What would Lee Kuan Yew be like if he were born in 1990?

I often feel like we don’t explore Lee Kuan Yew’s personality enough. His swag. He used to smoke, drink and hang out with lawyers, criminals, academics and communists. His white-washed political persona is far less interesting. He was once a visionary, entrepreneur and hustler extrodinaire.

I read a fantastic article once by someone who said that if you take a war strategist like say Napoleon or Clausewitz or Sun Tzu and you put them in a modern day war room, it might maybe take at most a few days for them to get up to date with modern warfare- they’ll need to learn about high-tech systems, but it’s still intuitively understandable.

On the other hand, try getting any early trader to understand and manage something like, say, Facebook. Money and business has gotten ridiculously complex. (I’d like to make sense of this better. I like to consider myself a somewhat knowledgeable person, but I am woefully aware of my shortcomings in these fields.)
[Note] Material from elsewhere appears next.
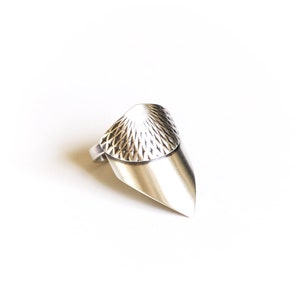 Unique silver ring handmade of recycled sterling silver in an arrow wing shape overlayed with intricately embossed pattern - "Freya Ring"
Anyway, here’s the point- Singapore has never been one to innovate, business-wise. (Correct me if I’m wrong! I would love to hear from you.) Our business model, as far askI’ve understood, is one of early adoption. That was the driver of our success. You remember the examples from social studies class, right?

We let other people handle the risk and the pain of trial and error. Consider the USA, for instance, which is arguably the birthplace of innovation and crazy experiments. (I imagine many will protest this. Your protests are valid. Consider this an oversimplification.) The conditions arekideal for generating these crazy business ideas. There’s a culture of failure acceptance, and a sacred right to pursue happiness in whatever means you see fit. Their society is large enough to support a few crazies who want to change the world.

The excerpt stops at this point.